Die Quellen, aus welchen ich geschöpft, sind jedesmal der Beschreibung der Wappen beigefügt, manche derselben sind inzwischen im Laufe der Jahre (ich will nur an die Entfernung der Epitaphien und Leichensteine aus den Kirchen erinnern) längst versiegt.
Die Stammtafeln der Westfälischen Adelsgeschlechter hoff ich dem Wappenbuche baldigst folgen zu lassen.
Münster im Dezember 1898
Der Verfasser“
Die Stammtafeln, von denen Max von Spiessen in seinem Vorwort spricht, sind allerdings nicht mehr erschienen. Was die Gründe dafür sind? Darüber kann in letzter Instanz nur spekuliert werden.
Sein „Wappenbuch des Westfälischen Adels“ ist jedoch an sich schon ein aufschlussreiches Opus – und ein für die Nutzer höchst hilfreiches dazu.
Denn er liefert auch Beschreibungen für Bestandteile der Wappen – in mannigfaltig aufgeschlüsselter Form.
Damit wird es möglich, Wappen, die man irgendwo unbeschriftet sieht, anhand der Bestandteile zu identifizieren. Diese Bestandteile sind in der schriftlichen Schilderung und Beschreibung in dem Wappenbuch feingliedrig unterteilt. So liest sich unter „Bilder aus dem Thierreich“, Unterpunkt „Vierfüssige Thiere“, beispielsweise der weitere Unterpunkt „Der Löwe“ mit Nennung verschiedener Darstellungsweisen wie etwa „Springender Löwe“ oder auch „Theile eines springenden Löwen“. Und auch „Der Bär und seine Theile“, „Der Wolf und seine Körpertheile“, „Der Fuchs“, „Der Eber und seine Theile“, „Springender Eber“, „Eberkopf“, „Der Hase“, „Das Meerschweinchen“, „Der Biber“, „Der Marder“, „Das Wiesel (Hermelin)“, „Der Bock“ und „Die Kuh, das Kalb, der Ochs und ihre Theile“ sind in den Beschreibungen aufgeführt. Aber auch „Der Hund“, „Der Esel“, „Die Katze“, „Das Pferd und seine Theile“, „Der Affe“, „Der Fischotter mit Fisch im Maul“, „Der Gemskopf“, „Der Hirsch und seine Theile“ finden sich in den Aufzählungen. Wie auch „Fabeltiere“ wie „Das Einhorn“, „Der Flügellöwe, Greif, Panther, Drache etc.“ Und natürlich auch die verschiedensten Vögel: Pelikan, Fasan, Taube, Lerche, Adler, Doppeladler, Specht, Storch, Kranich, Rabe, Falke und Sittich – was immer Bestandteil eines Wappens sein kann. Man sieht also beispielsweise ein Wappen, das einen Fischotter mit Fisch im Maul zeigt, schlägt in den Wappenbeschreibungen nach und findet dort den Namen des Adelsgeschlechts vermerkt, das in seinem Wappen dieses Detail hat, und findet im Register zu Beginn des Wappenbuchs den Hinweis zu der Tafel, auf der das Wappen abgebildet ist.
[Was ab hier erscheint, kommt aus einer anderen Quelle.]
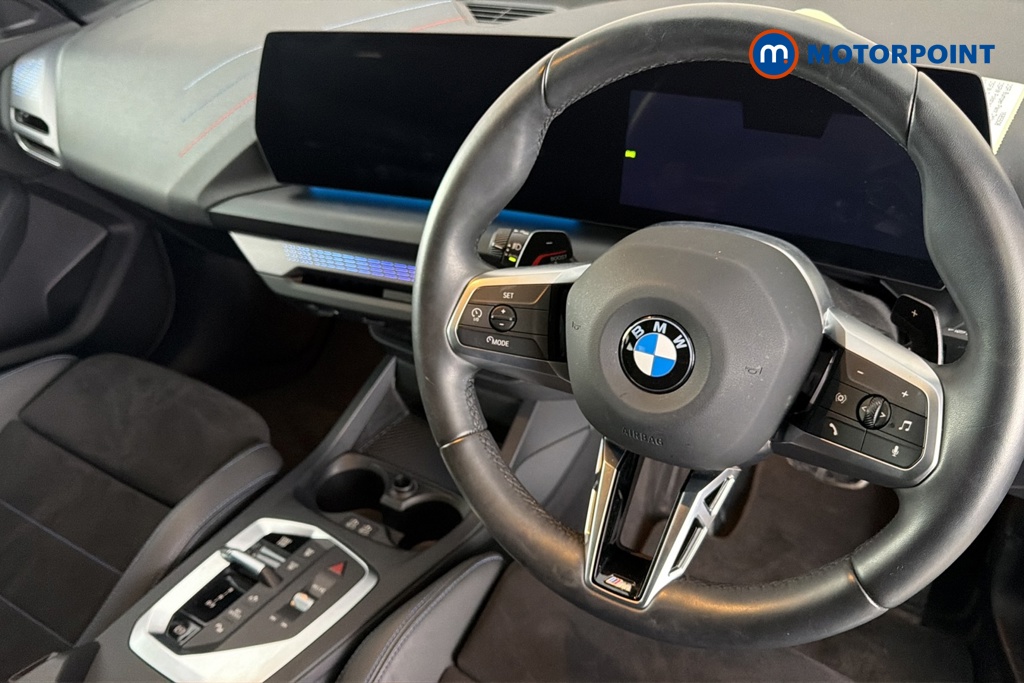 BMW 2 Series M Sport Automatic Petrol Saloon - Stock Number (1685508) - 2nd supplementary image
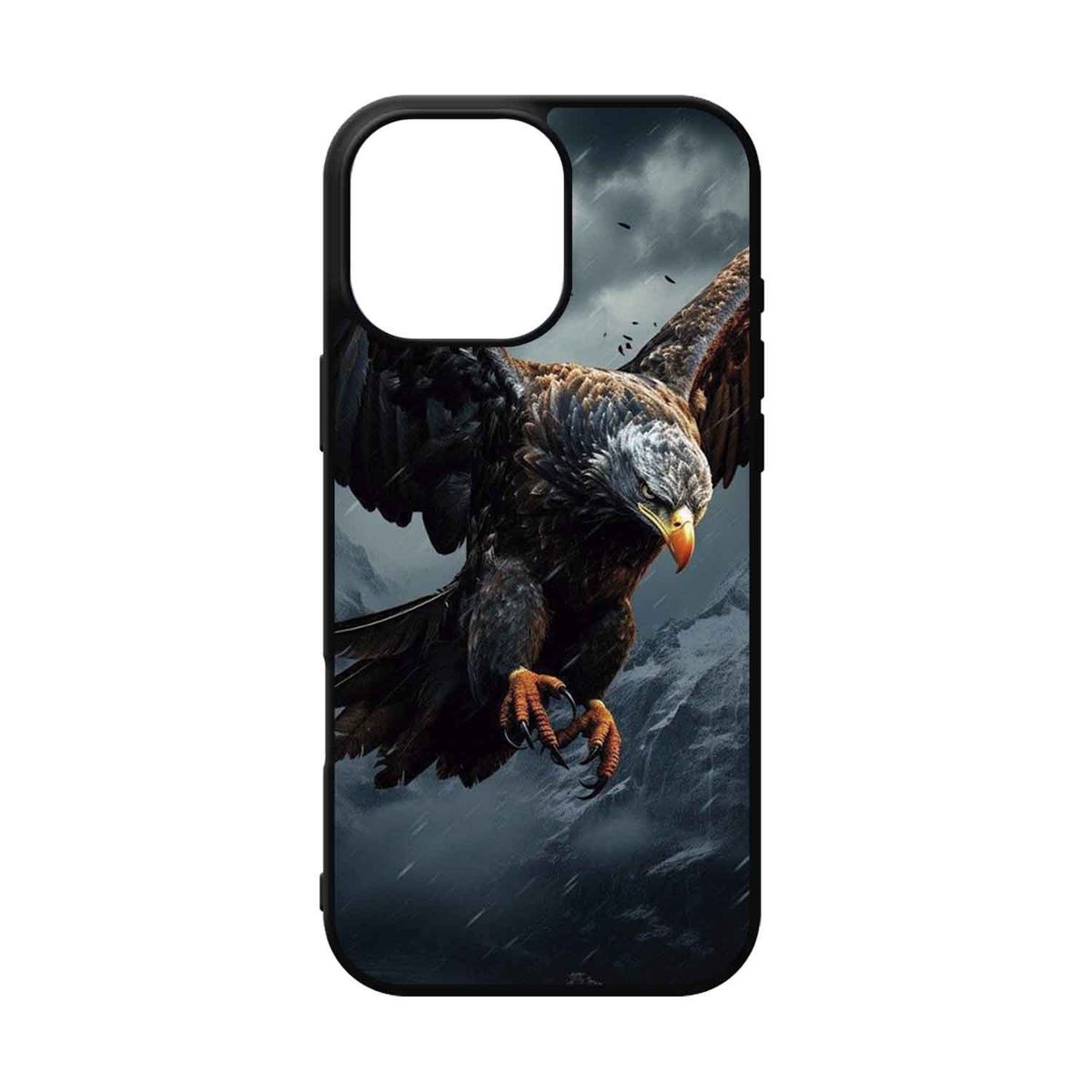 GENERICO - Funda Protector Case Para IPHONE 16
Auch Wappen, die keine Tier- oder Menschendarstellungen enthalten, lassen sich anhand der Beschreibungen etwa zu verwendeten Balken, Rauten, Schildteilungen wie „rechtsschräge Theilung“ oder „linksschräge Theilung“, anhand des „Pelzwerks“ oder anderer Eigenschaften identifizieren …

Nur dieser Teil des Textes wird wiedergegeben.